Akibatnya, jalan sekitar Simpang Aek Tapa selalu macet dibuatnya,” ujar
Julius diamini ketiga rekannya, Kamis (26/12).
Tak hanya menjadi biang kemacetan, kata Julius, aktifitas penimbunan lahan tersebut juga telah membuat sejumlah titik ruas badan Jalan Aek Tapa Rantauprapat diselimuti lumpur tanah liat yang berasal dari truk-truk pengangkut tanah timbunan tersebut.

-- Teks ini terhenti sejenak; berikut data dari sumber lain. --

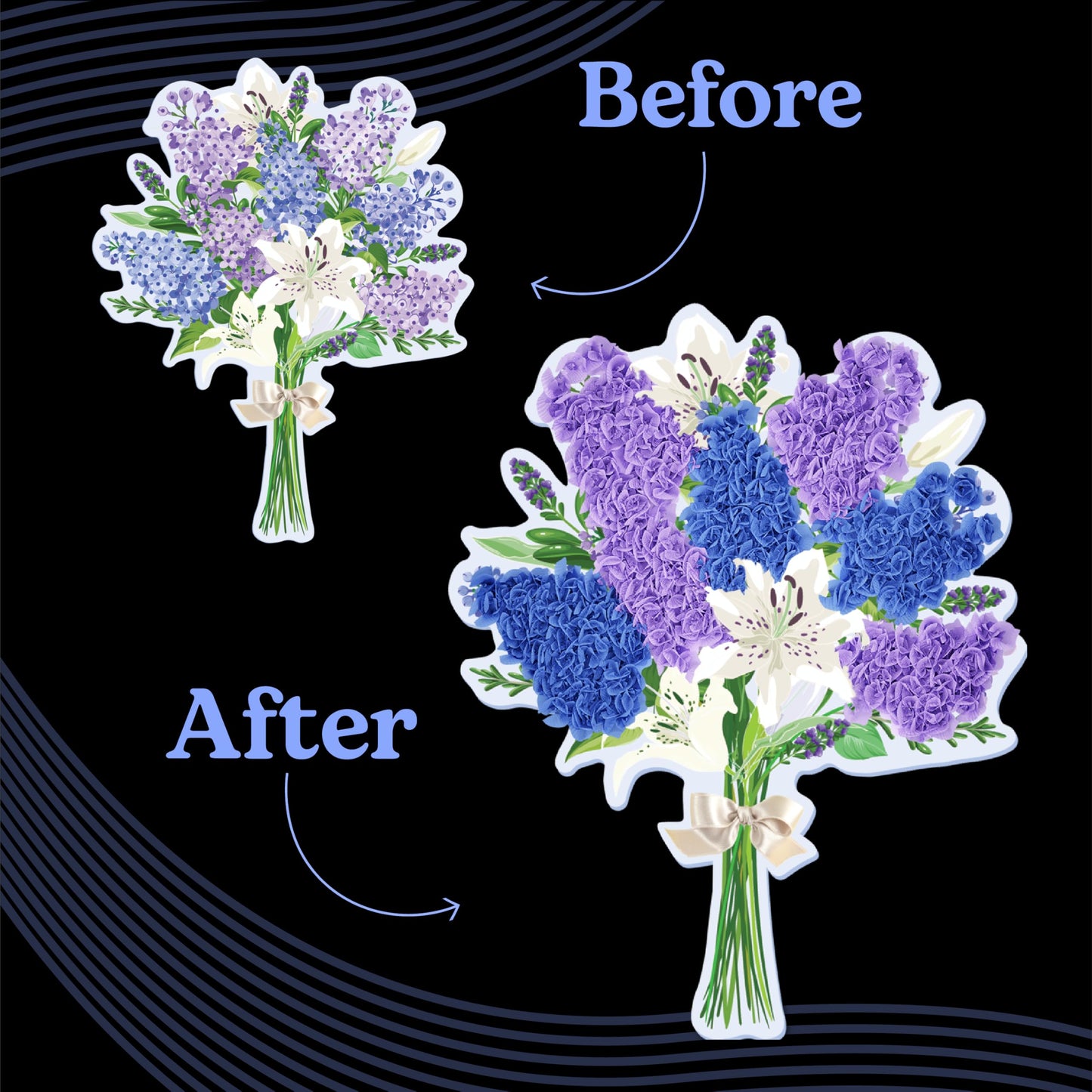 Unwynd Poke Art Lavender Flower Bouquet | Mess-Free Arts and Crafts for Adults | Teen Craft Kits, Mother's Day Flowers Gift | Gifts for Mother, Women and Men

Kondisi itu jelas membuat warga kesal, sebab mobil
dan sepeda motor warga yang melintas menjadi kotor dan dipenuhi lumpur.

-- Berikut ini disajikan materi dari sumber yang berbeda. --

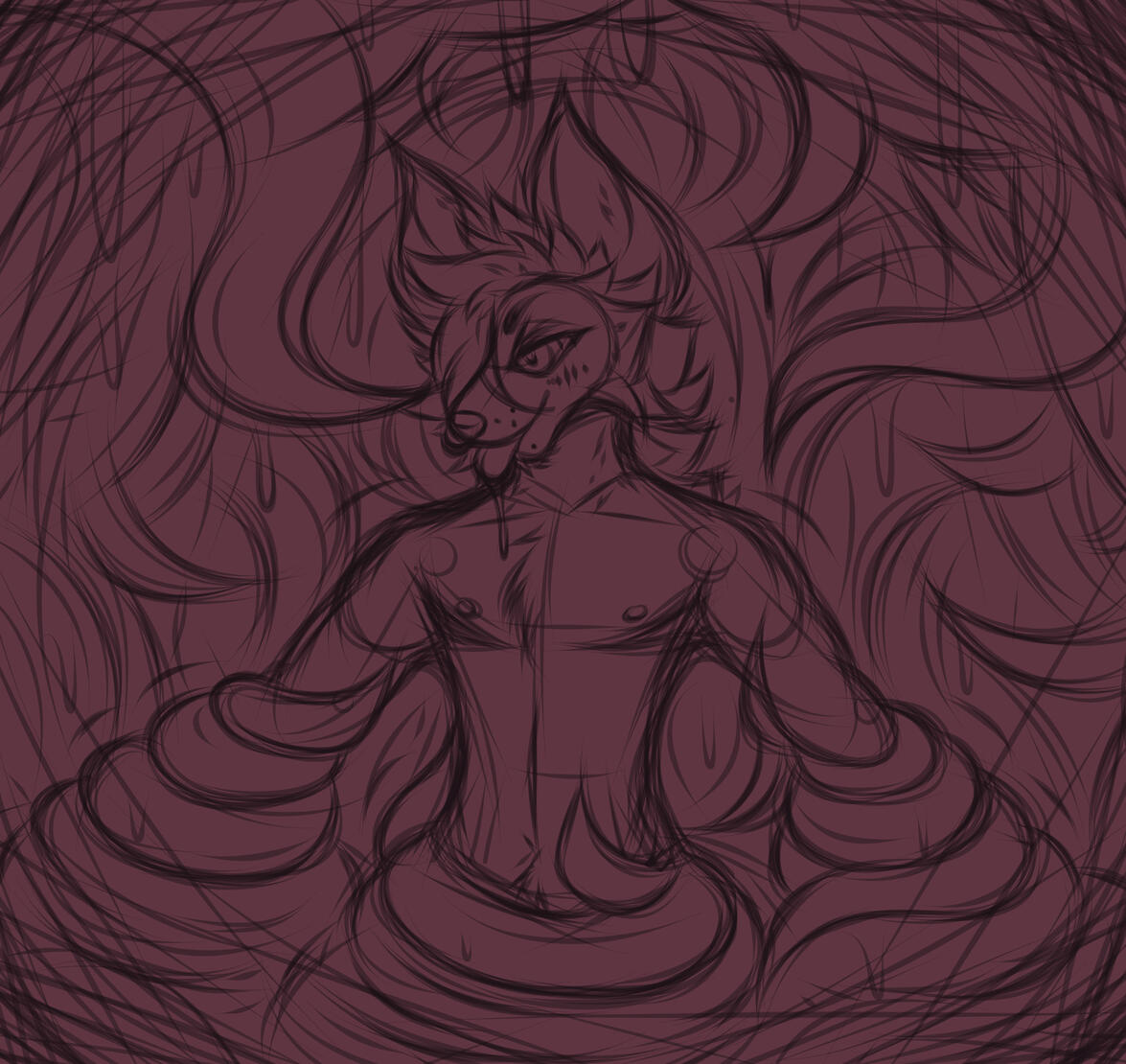 Sketchy/Messy Halfbody (No colour/shading)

Bahkan badan jalan yang berlumpur itu dikhawatirkan akan menjadi
penyebab terjadinya kecelakaan lalulintas.
“Kita sudah capek-capek nyuci mobil sekilat-kilatnya, tapi
saat lewat Simpang Aek Tapa, kendaraan kita kembali berlumpur. Selain
itu, kita juga harus ekstra hati-hati melintas di jalan itu, kalau tidak
bisa tergelincir karena jalannya licin. Jadi wajar dong kami protes,
karena sudah mengganggu ketertiban umum,” tandasnya.
Ironisnya, meski aktifitas penimbunan lahan yang telah mengganggu
ketertibaban umum itu sudah berlangsung sejak sepekan yang lalu, namun
belum ada tindakan tegas dari aparatur pemerintahan setempat. Padahal,
jalan Aek Tapa Rantauprapat adalah ruas jalan yang kerap dilalui
sejumlah pejabat menuju lokasi perkantoran, termasuk Bupati Labuhanbatu
Tigor Panusunan Siregar.
Sementara Bupati Labuhanbatu, Tigor Panusunan Siregar, melalui Kabag
Humas Pemkab Labuhanbatu, Sugeng, yang dikonfirmasi wartawan terkait
protes warga Aek Tapa tersebut mengatakan, pihaknya akan berkoordinasi
dengan pihak kelurahan Bakaran Batu dan Camat Rantau Selatan untuk
mengatasi persoalan tersebut.
“Kita koordinasi dulu, agar
nanti Lurah atau Camat menekankan kepada pihak pengusaha agar melakukan
penyiraman jalan biar warga tidak terganggu,” katanya melalui seluler.